例えば、第3の給電系統K3の整流装置13が異常状態になった場合に、監視部60は、異常系統(K3)の電力供給線L3と他系統(K1、K2)の電力供給線(L1、L2)との間を補助スイッチ部50により導通状態にさせる。以下、第3の給電系統K3が異常系統になり、第1の給電系統K1及び第2の給電系統K2が他系統である場合の例を説明する。
【0041】
また、監視部60は、後述する電源制御部(図2の111)によって検出された整流装置11〜13の動作状態に基づいて、少なくとも1つの整流装置(11〜13のいずれか)が異常状態になったか否かを判定する。ここで、整流装置11〜13の動作状態には、例えば、整流装置11〜13が出力可能な電力を示す出力可能電力の情報が含まれる。監視部60は、この出力可能電力と、対応する負荷部31〜33が消費する負荷電力とに基づいて、少なくとも1つの整流装置(11〜13のいずれか)が異常状態になったか否かを判定する。
【0042】
また、監視部60は、他系統(K1、K2)における整流装置(11、12)の出力可能電力及び対応する負荷部(31、32)が消費する負荷電力に基づいて、他系統(K1、K2)における余剰電力を算出する。すなわち、監視部60は、出力可能電力と負荷電力との差分を生成することにより、余剰電力を算出する。監視部60は、算出した他系統(K1、K2)における余剰電力と、異常系統(K3)における不足電力とに基づいて、他系統(K1、K2)の電力供給線(L1、L2)と異常系統(K3)の電力供給線L3との間を補助スイッチ部50により導通状態にさせる。
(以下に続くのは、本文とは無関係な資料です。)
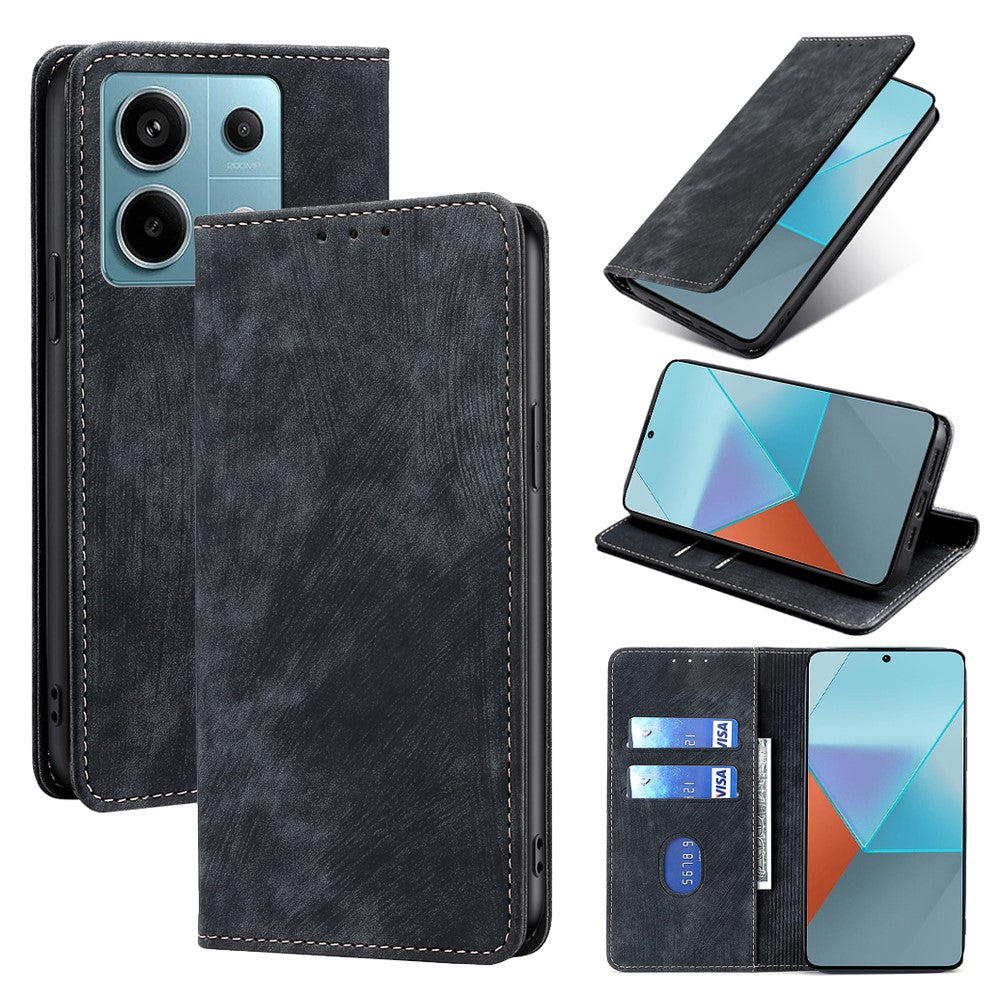For Xiaomi Redmi Note 13 Pro 5G / Poco X6 5G Protective Case RFID Blocking PU Leather Wallet Phone Cover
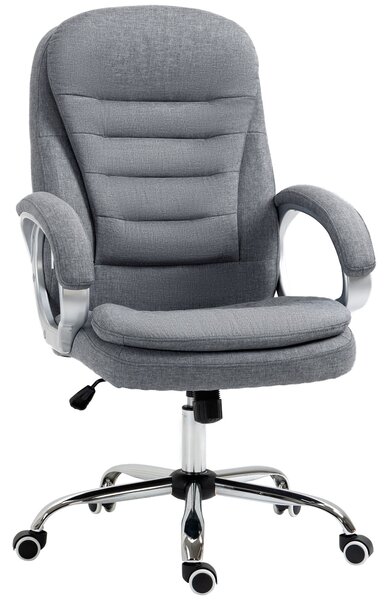 Vinsetto Kancelářská Židle Pracovní Židle Stolicová Židle Otočná Židle 360° Ergonomická Houpací Funkce Výškově Nastavitelná Šedá Látka 64 x 75 x 111-1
本実施形態では、監視部60は、異常系統(K3)における整流装置13の出力可能電力及び負荷電力に基づいて不足電力を算出する。すなわち、監視部60は、出力可能電力と負荷電力との差分を生成することにより、不足電力を算出する。
【0043】
また、監視部60は、他系統(K1、K2)ごとに、余剰電力が不足電力以上であるか否かを判定する。すなわち、監視部60は、他系統(K1、K2)それぞれが異常系統(K3)の不足電力を補えるか否かを判定する。監視部60は、余剰電力が不足電力以上であると判定した場合に、当該判定された他系統(K1、又はK2)の電力供給線L1(又はL2)と異常系統(K3)の電力供給線L3との間を補助スイッチ部50により導通状態にさせる。
【0044】
さらに、監視部60は、他系統(K1、K2)のそれぞれが単独では、異常系統(K3)の不足電力を補えない場合に、複数の他系統(K1、K2)のにより異常系統(K3)の不足電力を補えるか否かを判定する。すなわち、監視部60は、少なくとも2つの他系統(K1、K2)における余剰電力の総量が不足電力以上であるか否かを判定する。監視部60は、この余剰電力の総量が不足電力以上であると判定された場合に、当該判定された2つの他系統(K1、K2)の電力供給線(L1、L2)と異常系統(K3)の電力供給線L3との間を補助スイッチ部50により導通状態にさせる。
【0045】
次に、整流装置11〜13の構成について説明する。
整流装置11〜13は、同様の構成であり、ここでは、一例として、整流装置11の構成として説明する。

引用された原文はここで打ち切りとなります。